Julia Gelshorn (* 1974 in Aachen) ist eine deutsche Kunsthistorikerin.

LebenBearbeiten

Von 1994 bis 1996 studierte sie Kunstgeschichte, Theater-, Film- und Fernsehwissenschaft sowie Italienische Romanistik an der Universität Köln und von 1996 bis 2001 Kunstgeschichte, Theaterwissenschaft sowie italienische Sprache an der Universität Bern. Von 1997 bis 1998 hatte sie ein Jahresstipendium des DAAD. 2001 erwarb sie das Lizentiat in Bern. Von 2001 bis 2008 war sie wissenschaftliche Assistentin am Lehrstuhl für Kunst der Neuzeit und Moderne des Instituts für Kunstgeschichte der Universität Bern.
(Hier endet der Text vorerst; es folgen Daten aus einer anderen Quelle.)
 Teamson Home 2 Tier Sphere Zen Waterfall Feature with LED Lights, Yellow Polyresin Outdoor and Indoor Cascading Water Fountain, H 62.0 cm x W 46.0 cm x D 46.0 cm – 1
Von 2002 bis 2003 hatte sie ein Promotionsstipendium der Hans-und-Renée-Müller-Meylan-Stiftung in Basel. Von 2002 bis 2005 war sie Kollegiatin des DFG-Graduiertenkollegs «Bild Körper Medium – Eine anthropologische Perspektive» am HfG Karlsruhe. Nach der Promotion 2003 an der Universität Bern (Lazarus-Preis der Philosophisch-historischen Fakultät für die Dissertation Aneignung der Kunstgeschichte: Strategien der Wiederholung bei Gerhard Richter und Sigmar Polke) war sie 2004 Habilitationsstipendiatin der Paul-und-Gertrud-Hofer-Wild-Stiftung. Von 2005 bis 2010 war sie wissenschaftliche Assistentin am Lehrstuhl für moderne und zeitgenössische Kunst des Kunsthistorischen Instituts der Universität Zürich. Von 2006 bis 2008 hatte sie ein Habilitationsstipendium am Deutschen Forum für Kunstgeschichte Paris (Projekt: «Erziehung des Körpers – Erziehung des Blicks. Grazie als soziale Norm»). Von 2008 bis 2010 vertrat sie die Professur für Kunstwissenschaft und Medientheorie, Staatliche Hochschule für Gestaltung Karlsruhe. Von 2010 bis 2014 lehrte sie als Professorin für «Neueste Kunstgeschichte – Kunst der Gegenwart» am Institut für Kunstgeschichte, Universität Wien. Seit 2014 lehrt sie als Professorin für zeitgenössische Kunstgeschichte an der Universität Fribourg. Sie lebt in Zürich.